Work request — Every entry below should be restated word for word, except for its images.

Input for this task: Begin

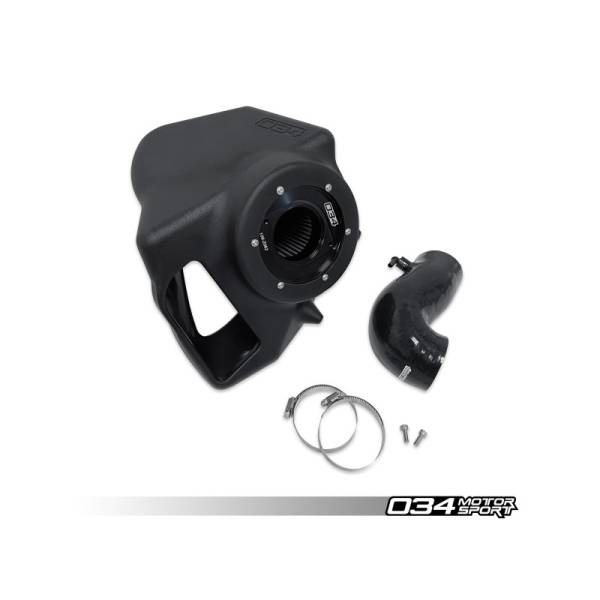 034Motorsport P34 Dynamic Cold Air Intake - Audi A4 and A5 (B9/B9.5)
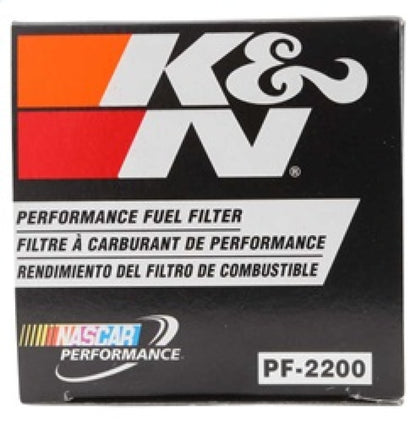 K&N Fuel Filter | PF-2200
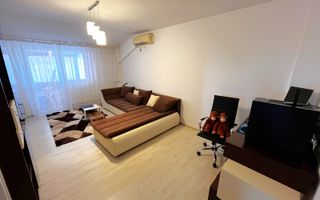 2Decomandate-65mp-Centrala-Mobilat-Utilat-Parcare-Craiovita-Penny - Poză 1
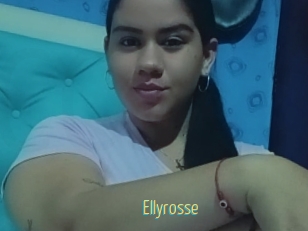 Ellyrosse
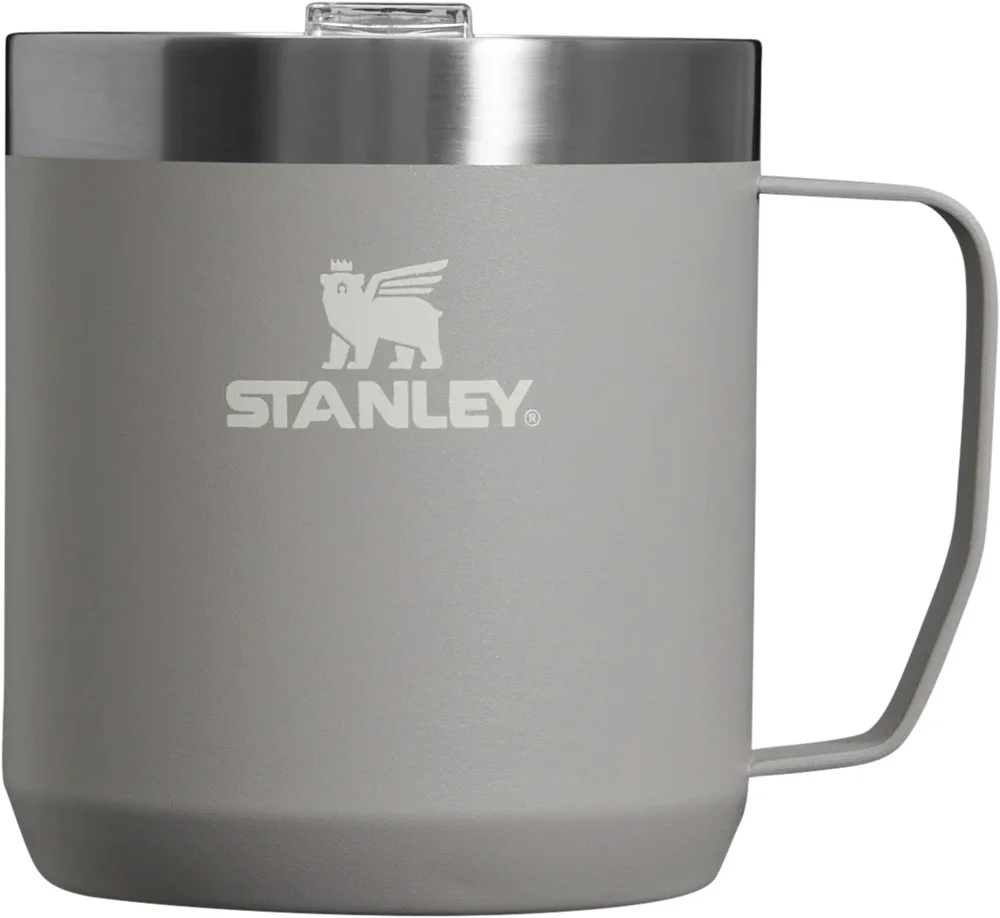 Stanley Camp Mug 0,35 L Ash v:2081990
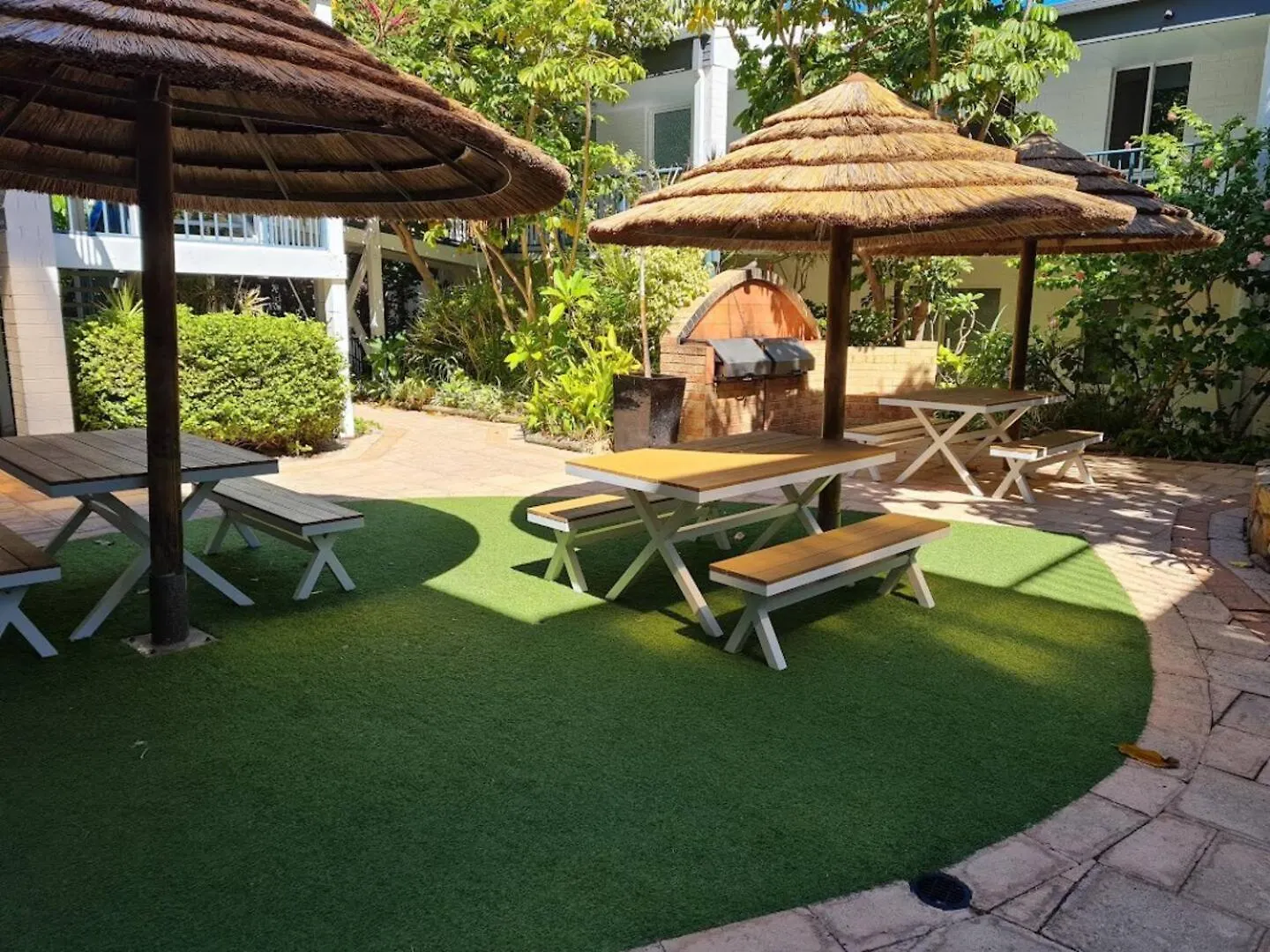 פרת'' West Beach Lagoon 202 - Quiet & Ground Floor! 0*,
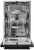 Kuppersberg GHS 4520 Детальное фото товара: Kuppersberg GHS 4520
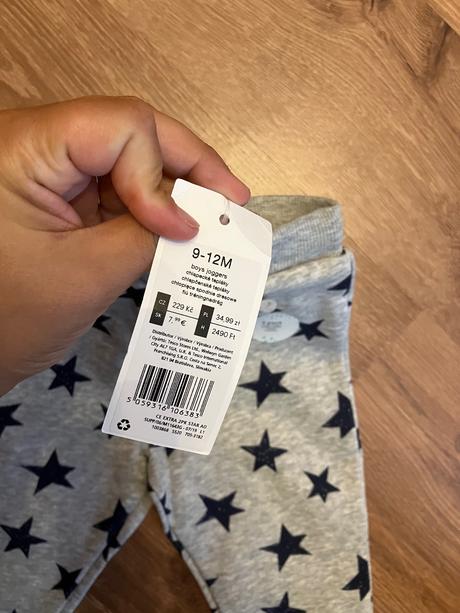 Ff tepláky 80, f&f,80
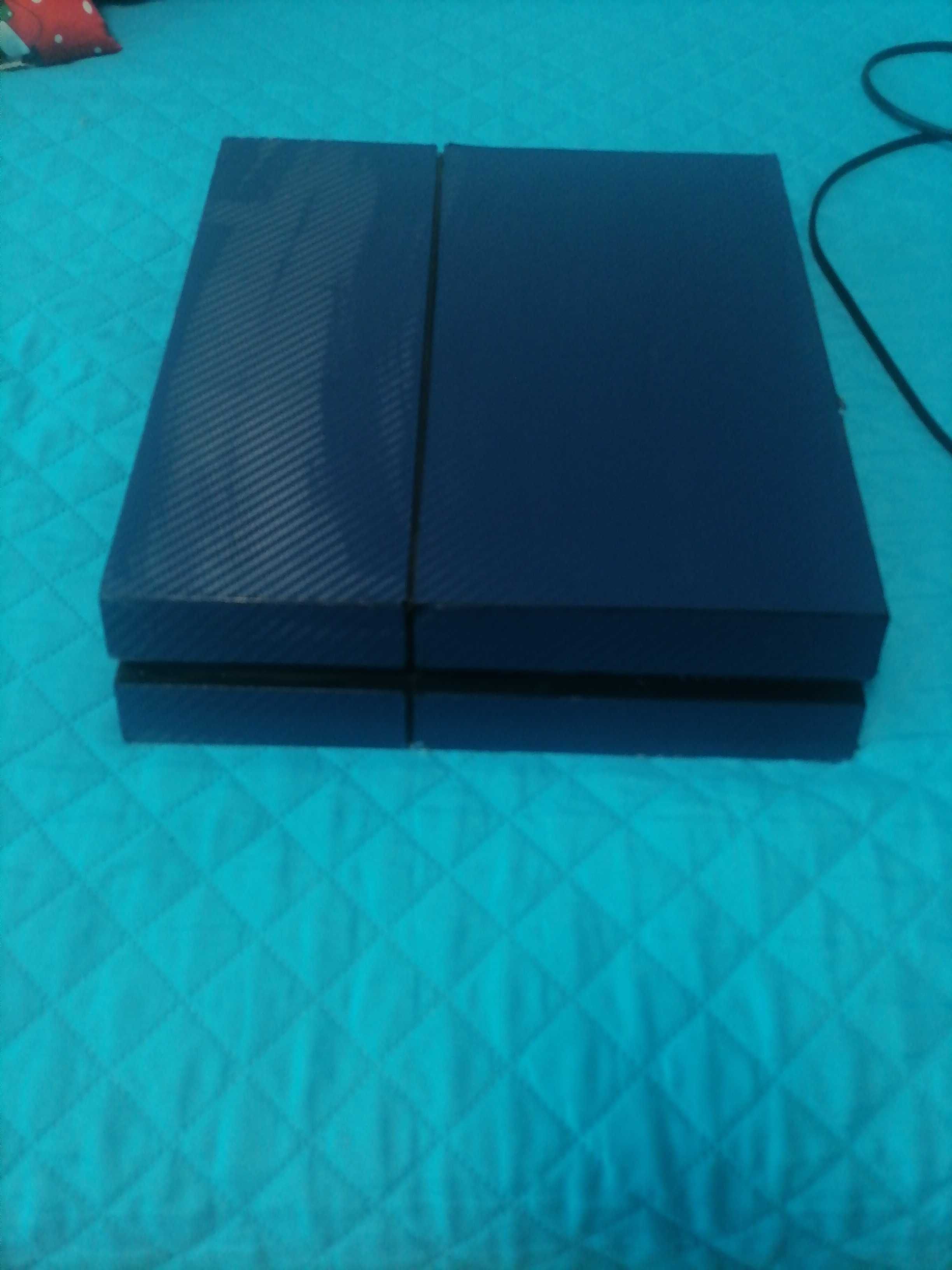 PS4пълно оборудване
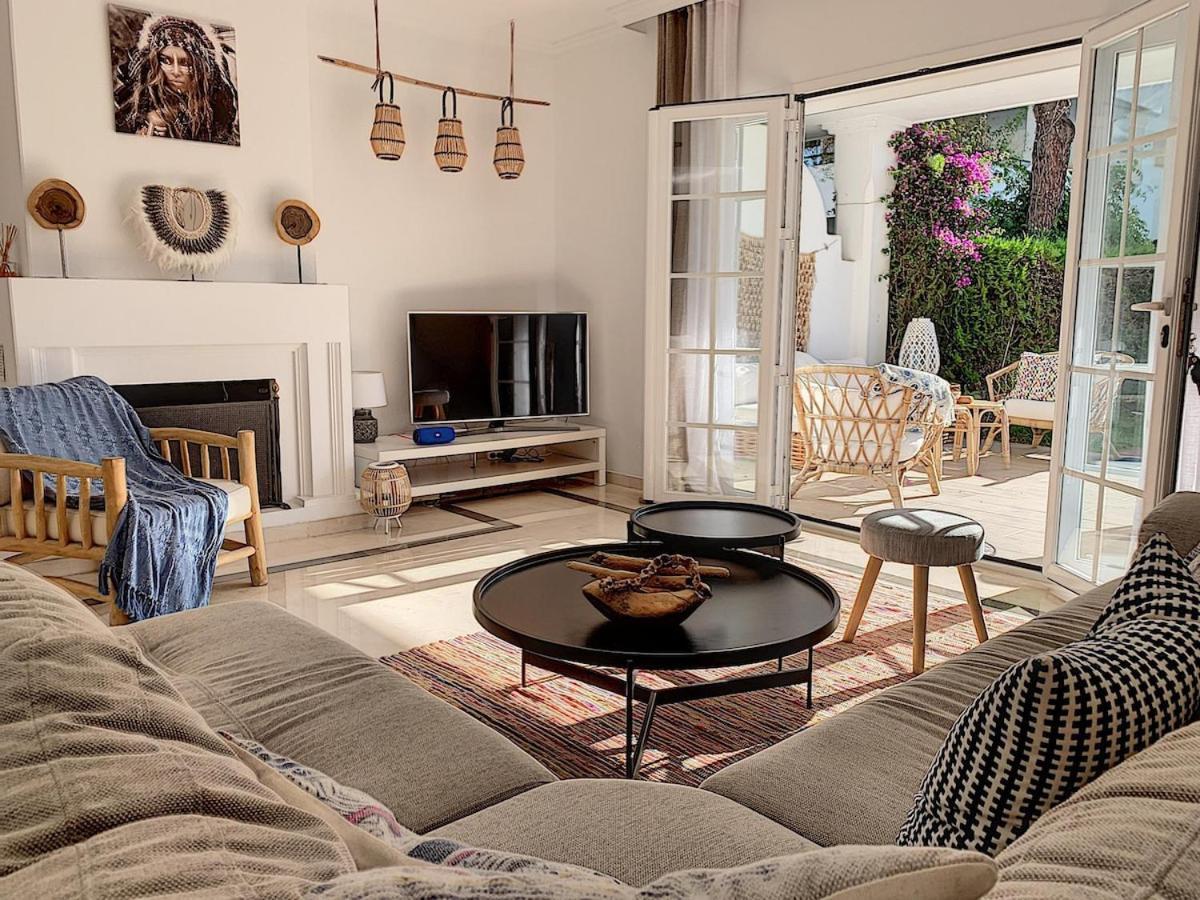 Bohemian Chic Famille Et 5 Piscines Apartamento
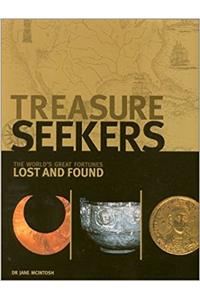 Atlas of Lost Treasure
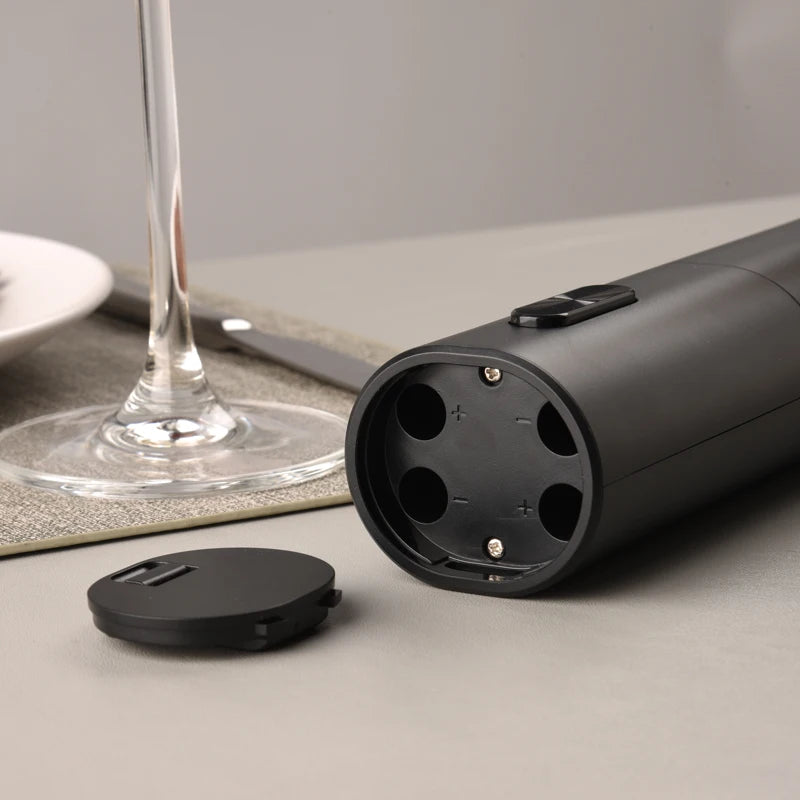 Electric Wine Opener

Input for this task: End

Answer area —
 034Motorsport P34 Dynamic Cold Air Intake - Audi A4 and A5 (B9/B9.5)
 K&N Fuel Filter | PF-2200
 2Decomandate-65mp-Centrala-Mobilat-Utilat-Parcare-Craiovita-Penny - Poză 1
 Ellyrosse
 Stanley Camp Mug 0,35 L Ash v:2081990
 פרת'' West Beach Lagoon 202 - Quiet & Ground Floor! 0*,
 Kuppersberg GHS 4520 Детальное фото товара: Kuppersberg GHS 4520
 Ff tepláky 80, f&f,80
 PS4пълно оборудване
 Bohemian Chic Famille Et 5 Piscines Apartamento
 Atlas of Lost Treasure
 Electric Wine Opener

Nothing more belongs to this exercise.